In [None]:
#default_exp dataset

# Compile Dataset

> Processes all included sources and compiles them into a single dataset file `data/dataset/dataset.zip`.

In [None]:
import os
import shutil
import pandas as pd

In [None]:
#export

def sync_audio_files(source_dir: str, target_dir: str):
    for filename in os.listdir(source_dir):
        if filename.endswith(".wav"):
            target_file_path = os.path.join(target_dir, filename)
            if not os.path.exists(target_file_path):
                shutil.copy2(os.path.join(source_dir, filename), target_file_path)

In [None]:
#export

DATA_PATH = "data/"

class Dataset:
    def __init__(self, sources: list[str], data_path: str = DATA_PATH):
        self.sources = sources

        self.data_path = data_path

        self.original_path = os.path.join(data_path, "original/")
        self.intermediate_path = os.path.join(data_path, "intermediate/")

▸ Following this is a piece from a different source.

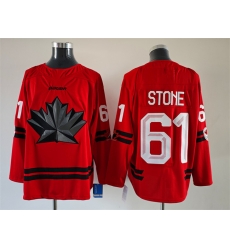 Men Canada Hockey  61 Mark Stone Red Stitched Jersey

        self.output_path = os.path.join(data_path, "dataset/")
        self.audio_output_path = os.path.join(self.output_path, "audio/")
        self.metadata_output_path = os.path.join(self.output_path, "metadata.csv")

    def _prepare_output(self):
        if not os.path.exists(self.audio_output_path):
            os.makedirs(self.audio_output_path)

    def _compile_source(self, source: str):
        source_path = os.path.join(self.intermediate_path, source)
        sync_audio_files(source_path, self.audio_output_path)
        return pd.read_csv(os.path.join(source_path, "metadata.csv"))
    
    def _package_data(self):
        # It syncs with existing dataset, only zipping changed files
        os.system("cd {} ; zip -qq -FSr dataset.zip {}".format(self.data_path, self.output_path))
    
    def compile(self) -> pd.DataFrame:
        """Compiles a dataset and returns the newly created metadata (already saved)."""
        self._prepare_output()

        dataset_metadata = pd.DataFrame()
        for source in self.sources:
            source_metadata = self._compile_source(source)
            dataset_metadata = dataset_metadata.append(source_metadata)
        dataset_metadata.to_csv(self.metadata_output_path, index=False)

        self._package_data()

        return dataset_metadata

In [None]:
#export

def load_version(version_path: str = "version"):
    with open(version_path, "r") as f:
        return int(f.read())

In [None]:
#export

def bump_version(version_path: str = "version"):
    with open(version_path, "w") as f:
        version = load_version(version_path)
        f.write(str(version + 1))
        print("Version moved from {} to {}".format(version, version + 1))

## Setup the environment and load version

In [None]:
sources = ["space_divers_mini", "footsteps_one_ppsfx_004", "footsteps_two_ppsfx_008", "edward_v1.1"]

## Copy all audio data to dataset

Let's confirm we didn't have any files that failed to copy.  
If we do, it could be due to:  
* Genuine failure to copy  
* Some files in the target folder need deleting  
  * Please delete them, no code yet
* Hash conflict (same file from different sources)  
  * In this case, we must debug the sources and make sure there are no duplicates

In [None]:
#assert len(os.listdir(AUDIO_PATH)) == len(dataset_metadata)